The Double Comfort Safari Club
- First edition
- Author: Alexander McCall Smith
- Language: English
- Series: The No. 1 Ladies' Detective Agency
- Genre: Mystery
- Publisher: Little, Brown
- Publication date: 2010
- Publication place: Scotland
- Pages: 256
- ISBN: 978-1408701065
- Preceded by: Tea Time for the Traditionally Built (2009)
- Followed by: The Saturday Big Tent Wedding Party (2011)

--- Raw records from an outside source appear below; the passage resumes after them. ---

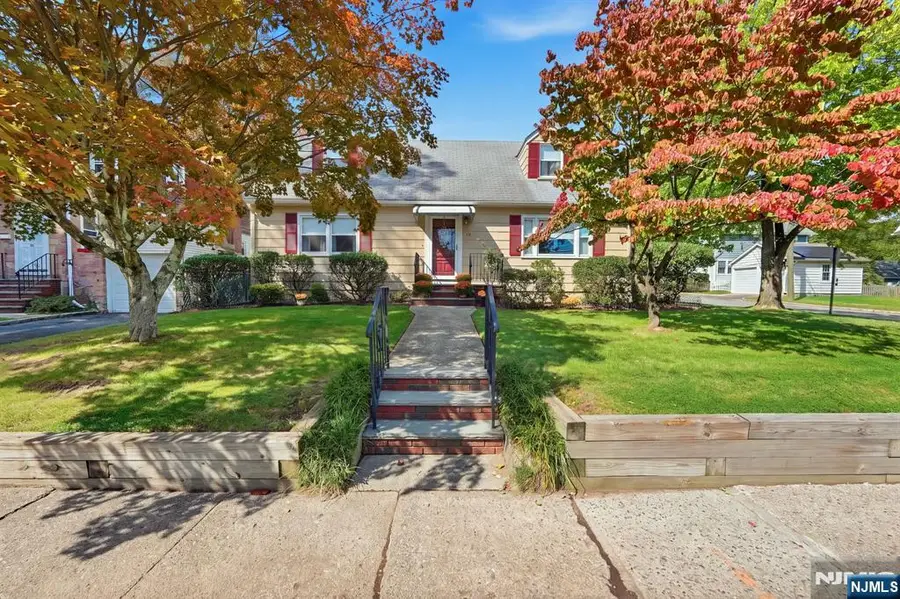 116 Grove Avenue, Verona, NJ 07044 - #2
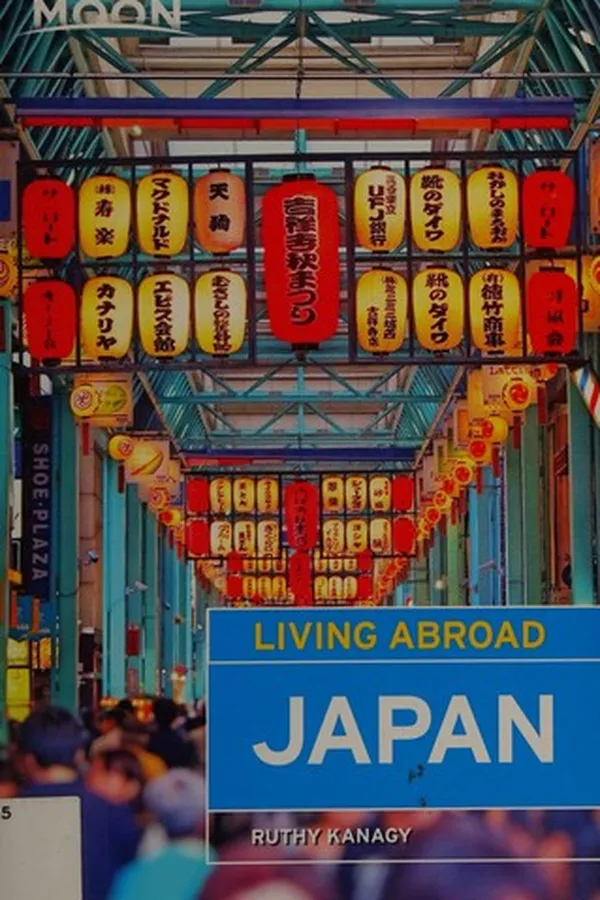 Capa de Living abroad in Japan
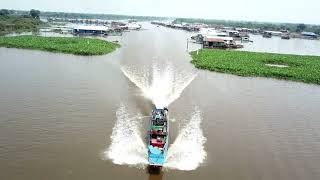 ទេសភាពភូមិស្ទឹងជ្រៅដែលជាភូមិអ្នកនេសាទភូមិបណ្តែតទឹកក្បែរបឹងទន្លេសាប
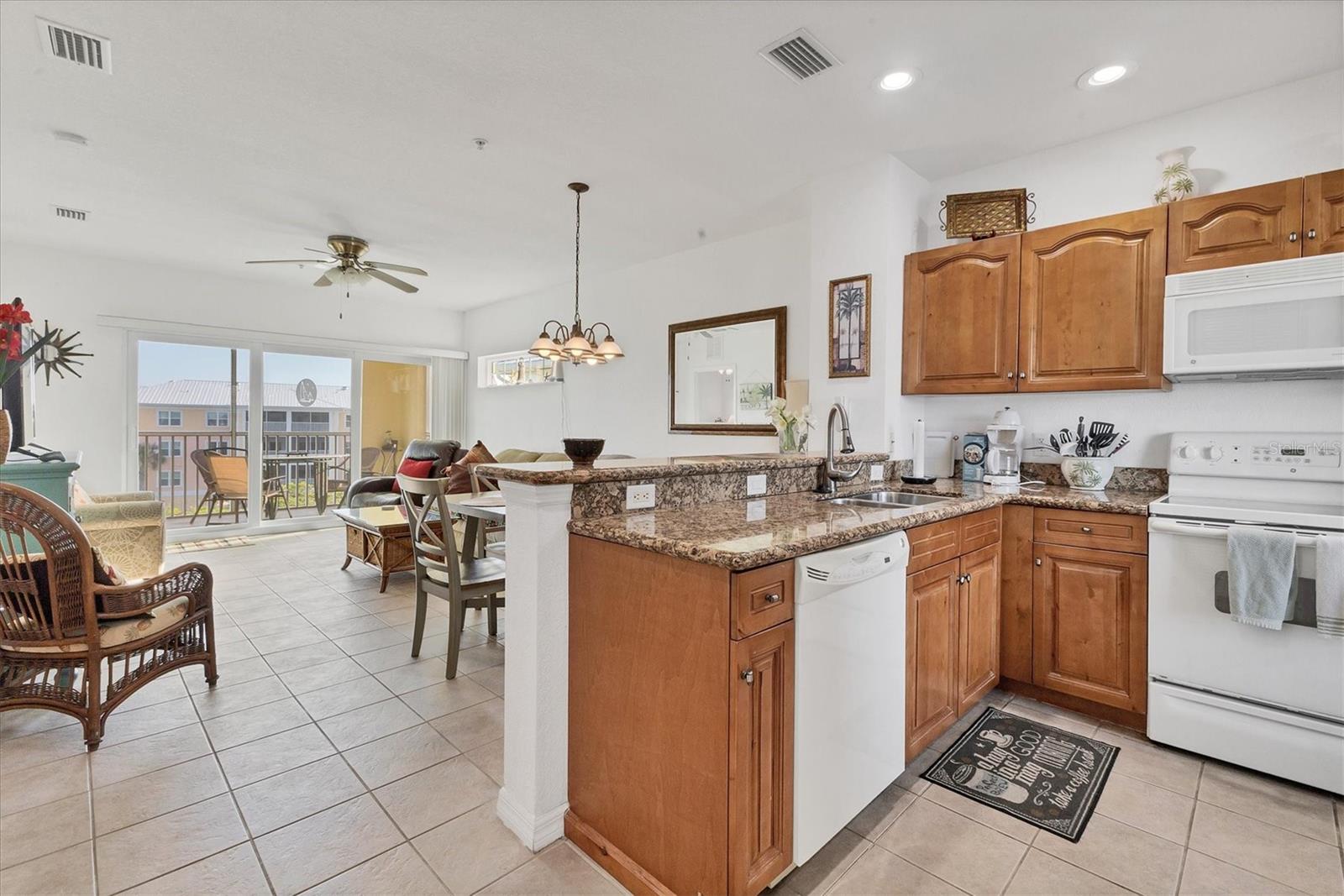 Image 14 of 54 For 8411 Placida Road 404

= The Double Comfort Safari Club =

The Double Comfort Safari Club, published in 2010, is the eleventh in The No. 1 Ladies' Detective Agency series of novels by Alexander McCall Smith, set in Gaborone, Botswana, and featuring the Motswana protagonist Precious Ramotswe.

==Plot summary==
Mma Ramotswe and Mma Makutsi are called to a safari lodge in Botswana's Okavango Delta to carry out a delicate mission on behalf of a former guest. The Okavango makes Precious appreciate once again the beauty of her homeland: it is a paradise of teeming wildlife, majestic grasslands and sparkling water. However, it is also home to rival safari operators, fearsome crocodiles and disgruntled hippopotamuses. What is more, Mma Makutsi still has not set a date for her wedding to Phuti Radiphuti and is feeling rather tetchy herself, not least because of Phuti's possessive aunt. But Precious knows that with a little patience, just as the wide river will gently make its way round any obstacle, so will everything work out for the best in the end.